## Data shown
^^^^^^^^

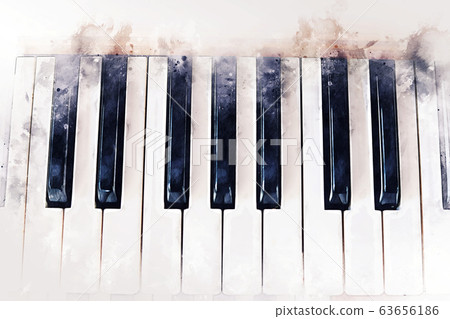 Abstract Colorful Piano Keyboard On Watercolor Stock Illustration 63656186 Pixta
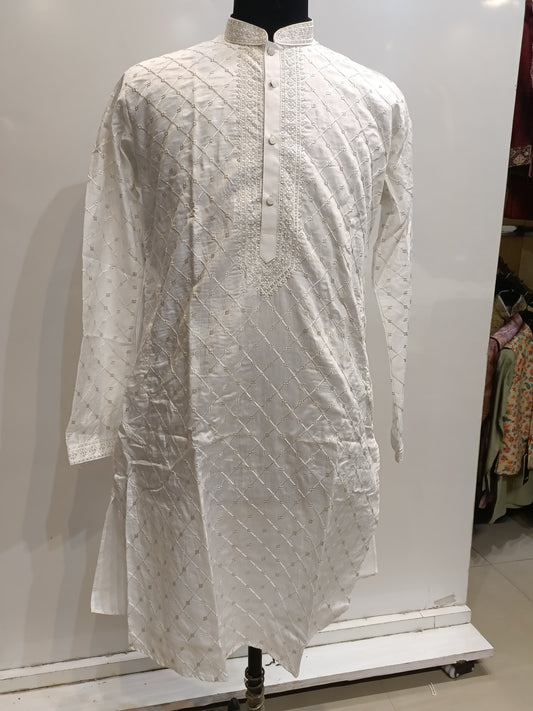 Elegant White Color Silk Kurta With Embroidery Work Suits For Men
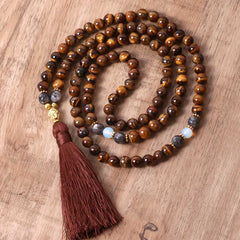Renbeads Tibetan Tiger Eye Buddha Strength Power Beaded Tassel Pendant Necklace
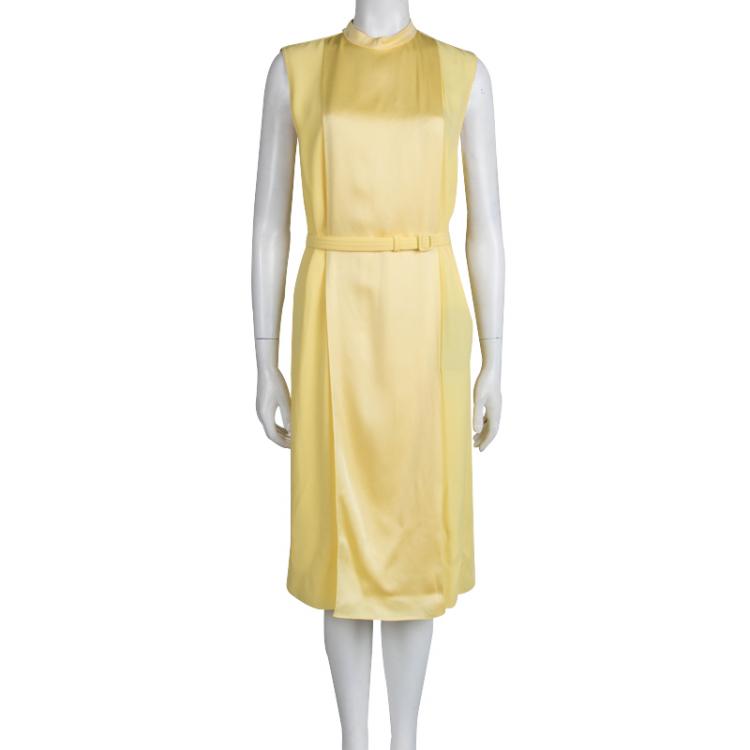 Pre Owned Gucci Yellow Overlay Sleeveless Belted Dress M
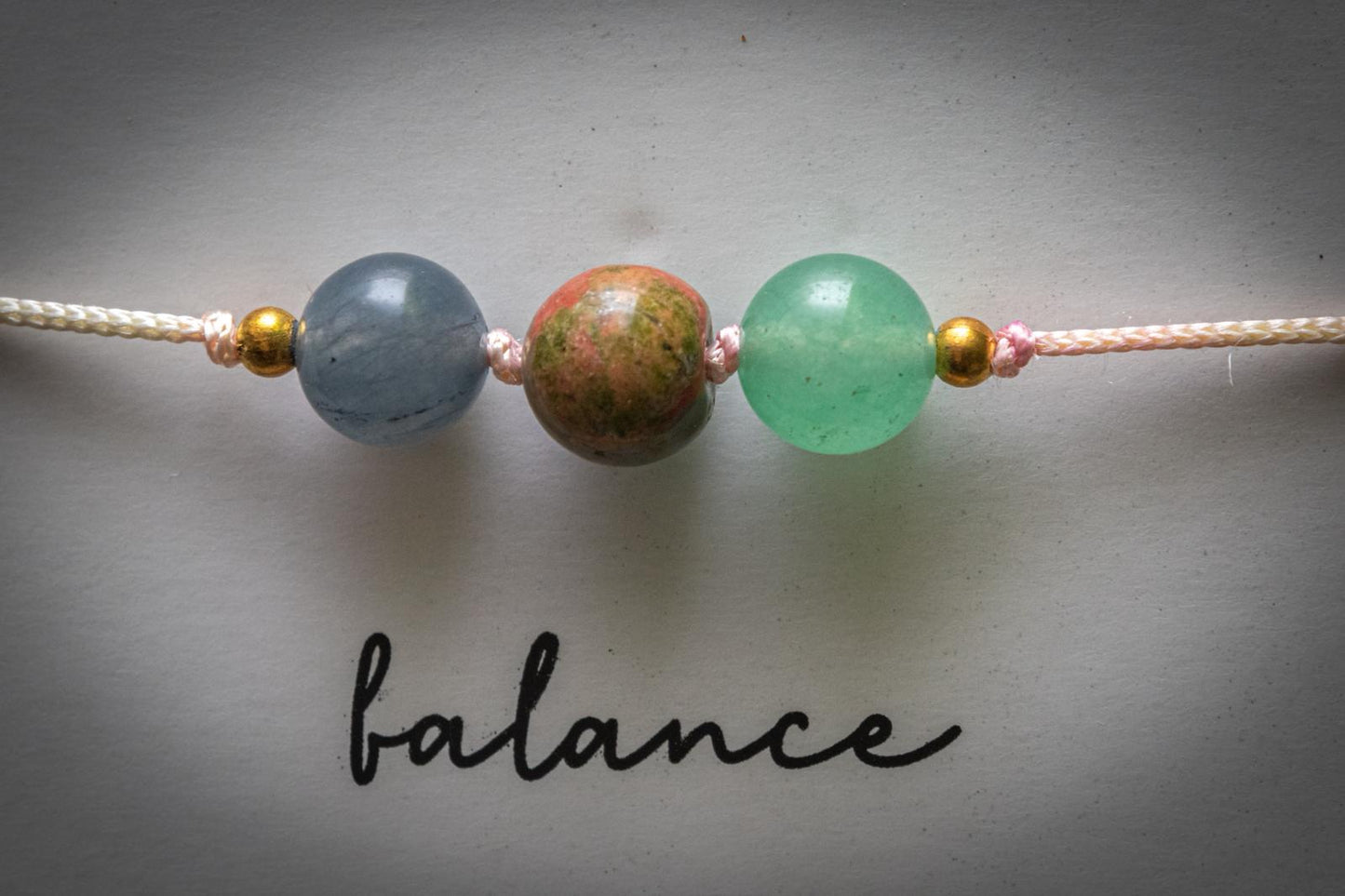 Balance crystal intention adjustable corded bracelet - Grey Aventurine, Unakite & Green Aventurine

^^^^^^^^

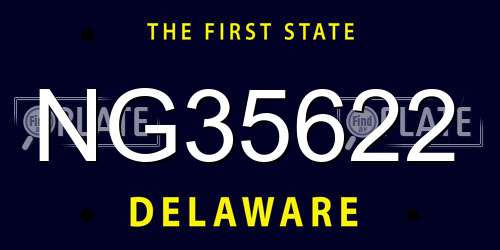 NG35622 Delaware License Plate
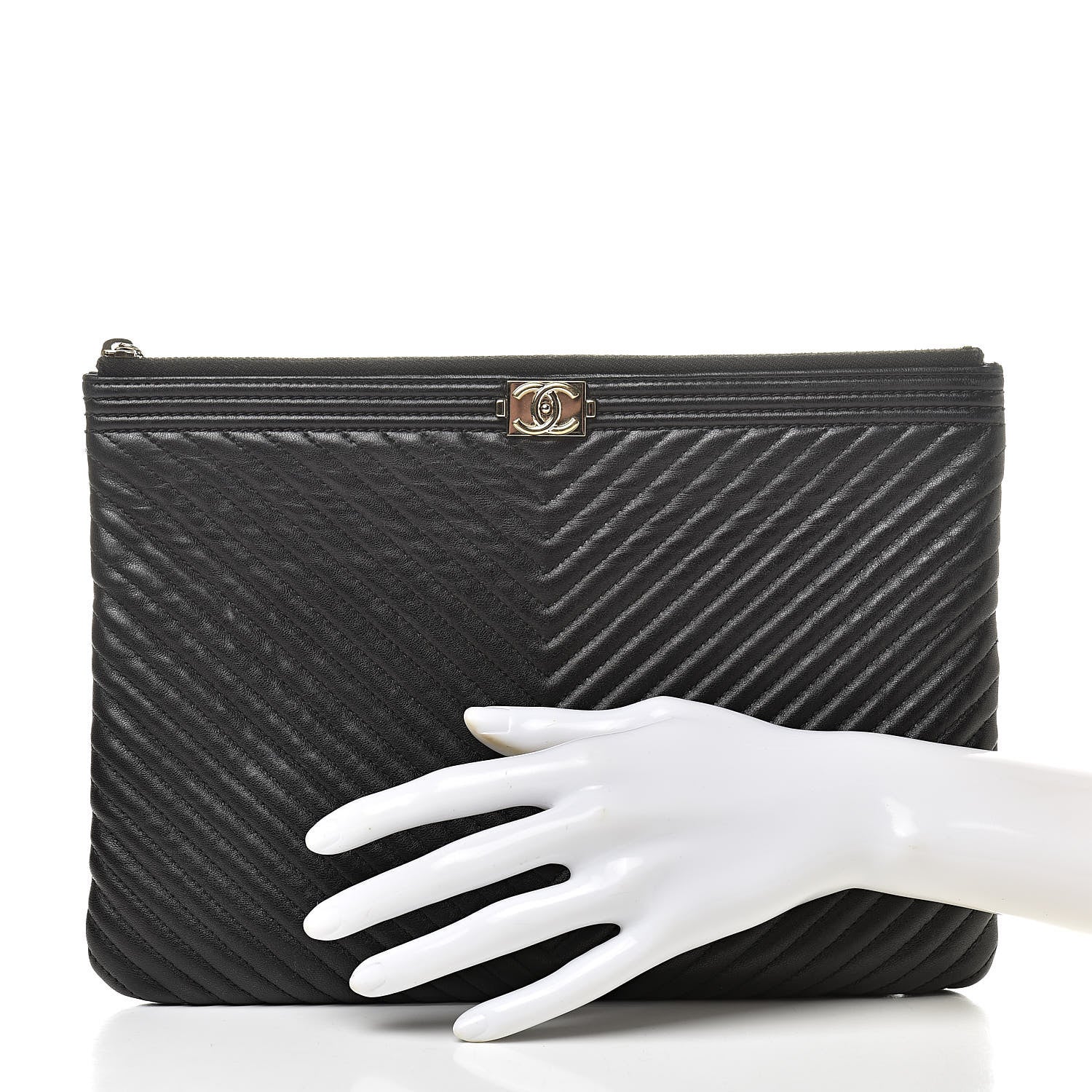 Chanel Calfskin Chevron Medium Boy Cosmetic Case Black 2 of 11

^^^^^^^^

## Assigned task
Output exactly the lines above, from the line with "Abstract Colorful Piano" to the line with "Balance crystal intention", both included; skip the pictures.

## Result
 Abstract Colorful Piano Keyboard On Watercolor Stock Illustration 63656186 Pixta
 Elegant White Color Silk Kurta With Embroidery Work Suits For Men
Renbeads Tibetan Tiger Eye Buddha Strength Power Beaded Tassel Pendant Necklace
 Pre Owned Gucci Yellow Overlay Sleeveless Belted Dress M
 Balance crystal intention adjustable corded bracelet - Grey Aventurine, Unakite & Green Aventurine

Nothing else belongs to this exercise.